A Senate Committee has approved a Bill to expand the safe harbour regime under the Copyright Act and the Federal Government has closed consultation on the effectiveness of site blocking legislation. Senior Associate Kaelah Ford and Law Graduate Ammy Singh report.
In late March, the Senate Environment and Communications Legislation Committee released its report on the Copyright Amendment (Service Providers) Bill 2017. The Bill provides for the expansion of the 'safe harbour regime' under the Copyright Act, which currently enables carriage service providers (CSPs) to avoid liability for acts of copyright infringement by users of their networks, by complying with certain conditions, including taking down infringing material when they have been notified of a suspected infringement by a copyright owner.

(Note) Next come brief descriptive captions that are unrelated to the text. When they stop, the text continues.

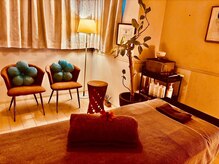 リラクゼーション ラシードレーヴ(La SeedReve)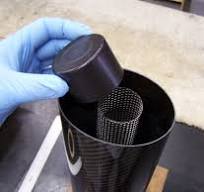 Muffler Packing - Area P :: No Limits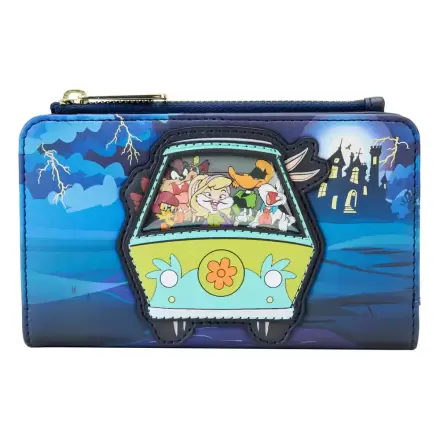Looney Tunes by Loungefly Wallet Scooby Doo Mash-Up product photo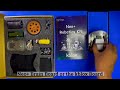 Stem robot building kit| Kurious neo + kit| unboxing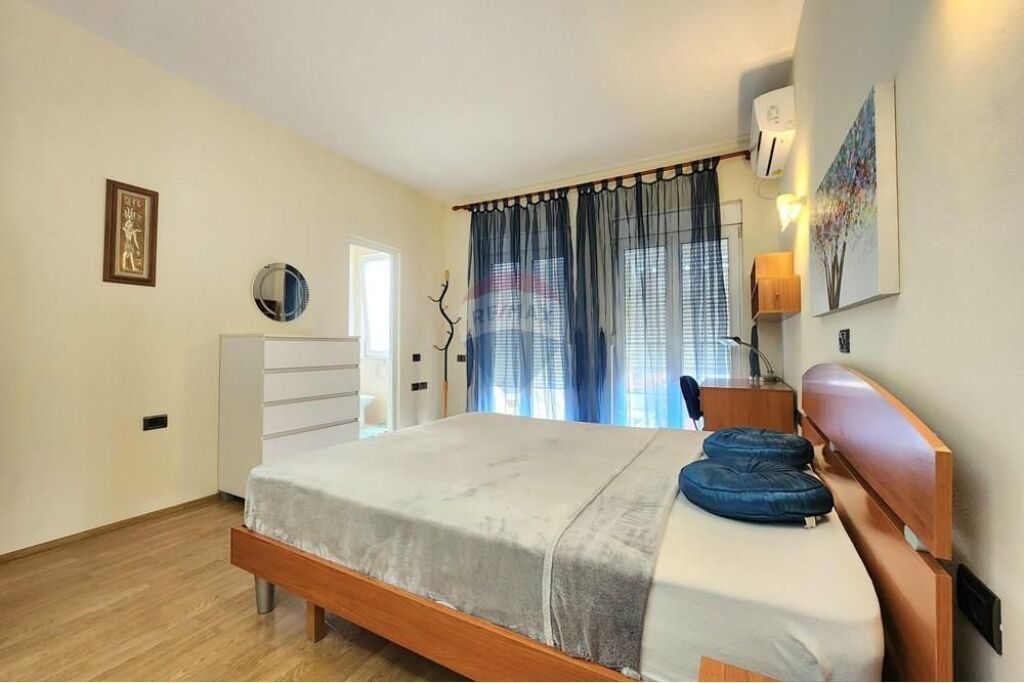 Apartment 1+1 - For Rent - 9 Floors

If passed, the Bill will extend safe harbour protection to the following online service providers:
- educational institutions;
- public or Parliamentary libraries;
- archives and specified galleries and museums;
- key cultural institutions; and
- organisations assisting persons with a disability.

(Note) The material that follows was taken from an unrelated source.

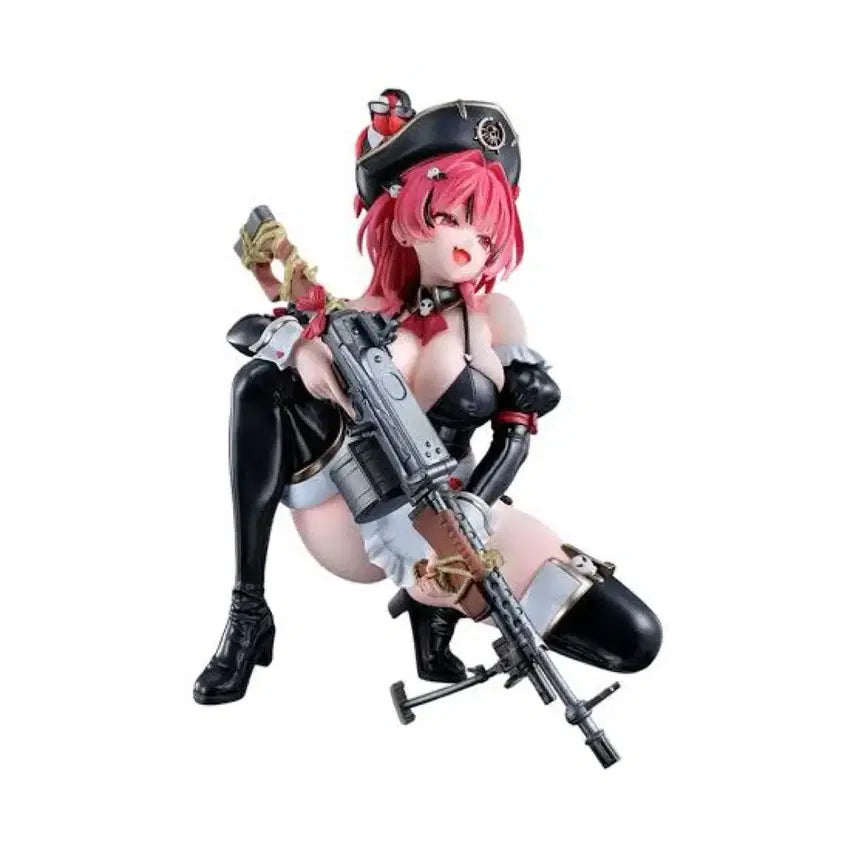 [BUNJANG] Nikke Mast Figure A Prize / 니케 마스트 a상
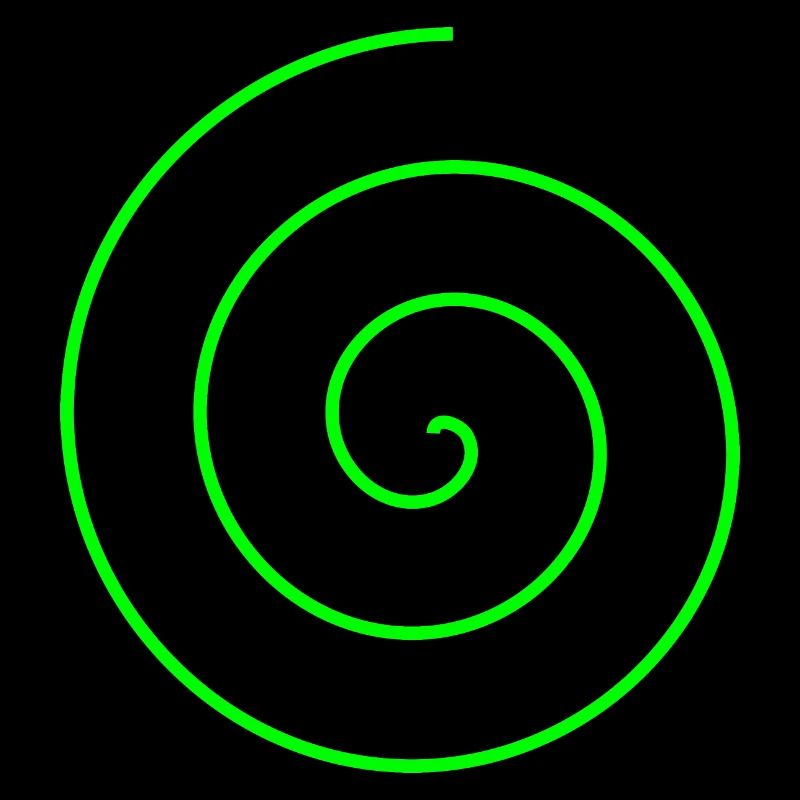 Spirale cadeau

The Senate Committee did not accept the Productivity Commission's 2016 recommendation that the regime be extended to cover all online service providers. Advocates for this approach say that it would allow Australian technology companies to compete in the global market, given that the US, the UK and the EU all have more expansive safe harbour regimes. These views were echoed in the Greens' dissenting report.
Others have opposed an expansive safe harbour regime, drawing a distinction between service providers that are mere conduits of online content, and those that have the ability to exercise control over the content on their platforms. For example, the Australian Copyright Council submitted that a US-style regime encourages wilful blindness on the part of the platform, shifting all risk to the copyright owner who must monitor and issue takedown notices.
While the Bill is likely to pass in its current form, this may not be the end of the story, as online service providers are likely to continue to seek broader protection.
On 13 February 2018, the Federal Government sought submissions on the Copyright Amendment (Online Infringement) Act 2015, which has been in operation since June 2015. Under the Act, copyright owners can apply to the Federal Court to block access to an online location operated outside Australia that has the primary purpose of infringing, or facilitating the infringement of, copyright (think torrent sites like Pirate Bay).
Stakeholders were asked to comment on the efficiency of the site blocking mechanism, the application process, and whether or not any amendments are required to improve the Act.
Overall it appears that both rights holders and CSPs are content with the Act's operation, though concerns have been raised about the protracted nature of the application process. Some stakeholders have also suggested that the 'primary purpose' threshold be amended to a 'substantial purpose or effect' test and that the requirement for a website to be located outside of Australia be removed, which is likely to be the subject of further debate.
The Federal Government has not indicated when it expects to release the findings of its review. Watch this space.